Tuesday, April 23, 2024

Lack of law on indigenous medicine hampers research

The absence of law on indigenous health hampers research on traditional medicine, University of Botswana (UB) molecular cell biologist, Professor Kristine Marobela has said.
Making a presentation at UB on Monday on indigenous medicine, Marobela said the problem in Botswana is that there is no legal framework for indigenous health research. She said this makes it difficult for researchers to get financing.
“To get foreign aid will be problematic particularly where indigenous plants are involved,” she said.
Marobela said government drafted the Traditional Health Practitioners Bill around 1989 and it has never been presented to Parliament. She said she participated in the consultation process but government may have been over cautious to bring it to Parliament because of HIV/AIDS issues that arose during Thabo Mbeki’s tenure as president in South Africa.

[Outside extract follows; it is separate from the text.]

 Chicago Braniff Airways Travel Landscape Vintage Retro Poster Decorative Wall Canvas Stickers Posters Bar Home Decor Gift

Marobela said without such legislation in place, it will always be problematic for researchers to do their best in finding solutions to illnesses that affect the society.
She said so far, about eight traditional healers are documenting patients’ outcomes particularly in sexually Transmitted Infections (STI’s) but the stumbling block is lack of legislation.

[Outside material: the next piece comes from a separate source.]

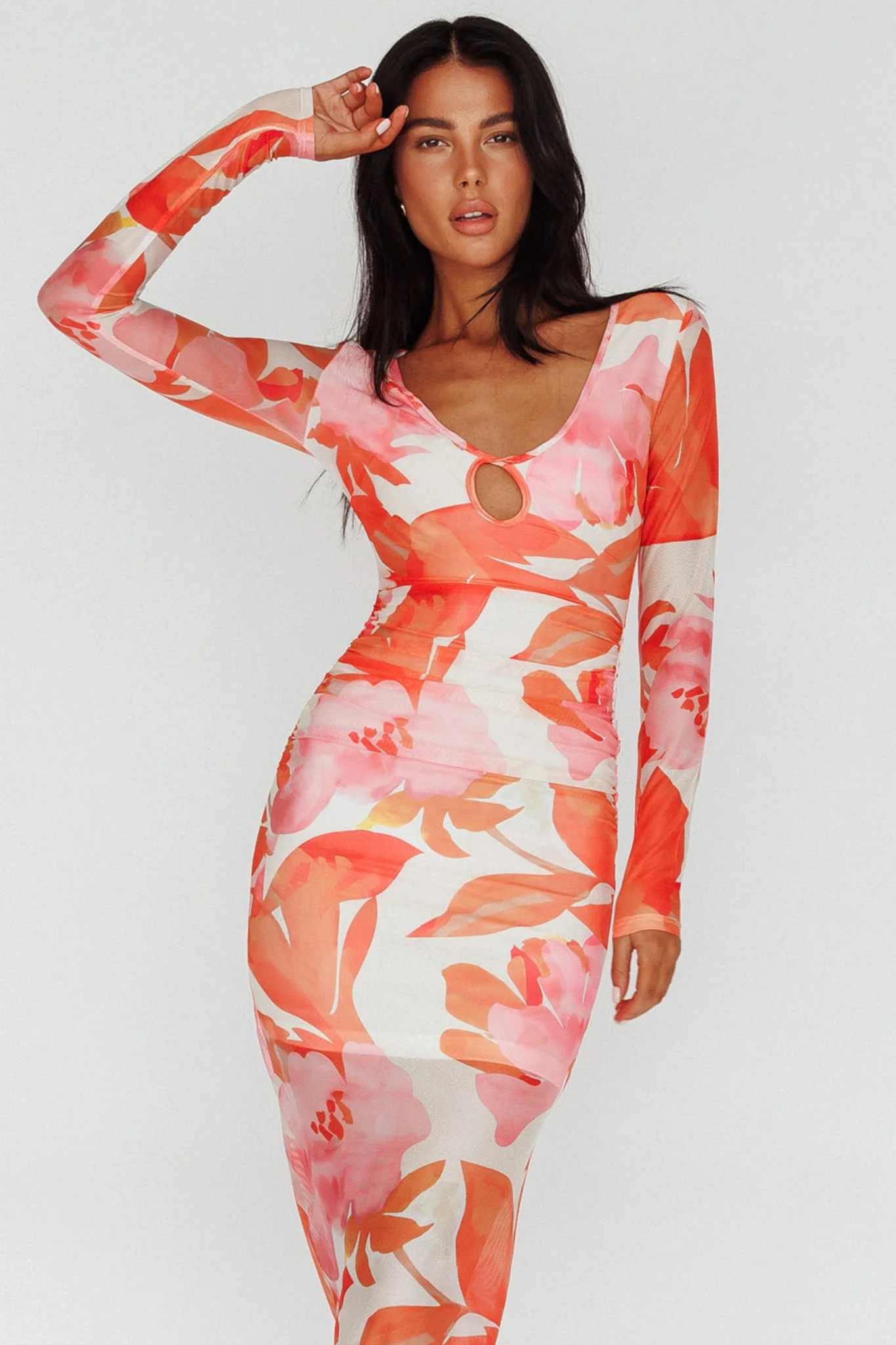 Chardae Long Sleeve Mesh Midi Dress Floral Pink - Sonourner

On malpractice by some traditional doctors, Marobela said like in any practice, there is malpractice in traditional healing, especially in HIV/AIDS.  She said there has to be evidence-based practice and for it to be effective there must be practice-based evidence by engaging the community and making awareness on traditional healing.
“The main thing that must be done is to take traditional medicine out of the grey zone of HIV treatment,” she said.
Commenting on seromobadimo, a herb which Palapye herbalist, Gladys Malebo claims that it cures HIV/AIDS, Marobela said currently there is no evidence that the herb interferes with the lifecycle of the virus.
“We do not know how the mixing is done, the woman just came with the complete mixture,” she said.
Malebo had told a local newspaper that her herb cures HIV/AIDS as it cured many people who had been clinically diagnosed with HIV/AIDS.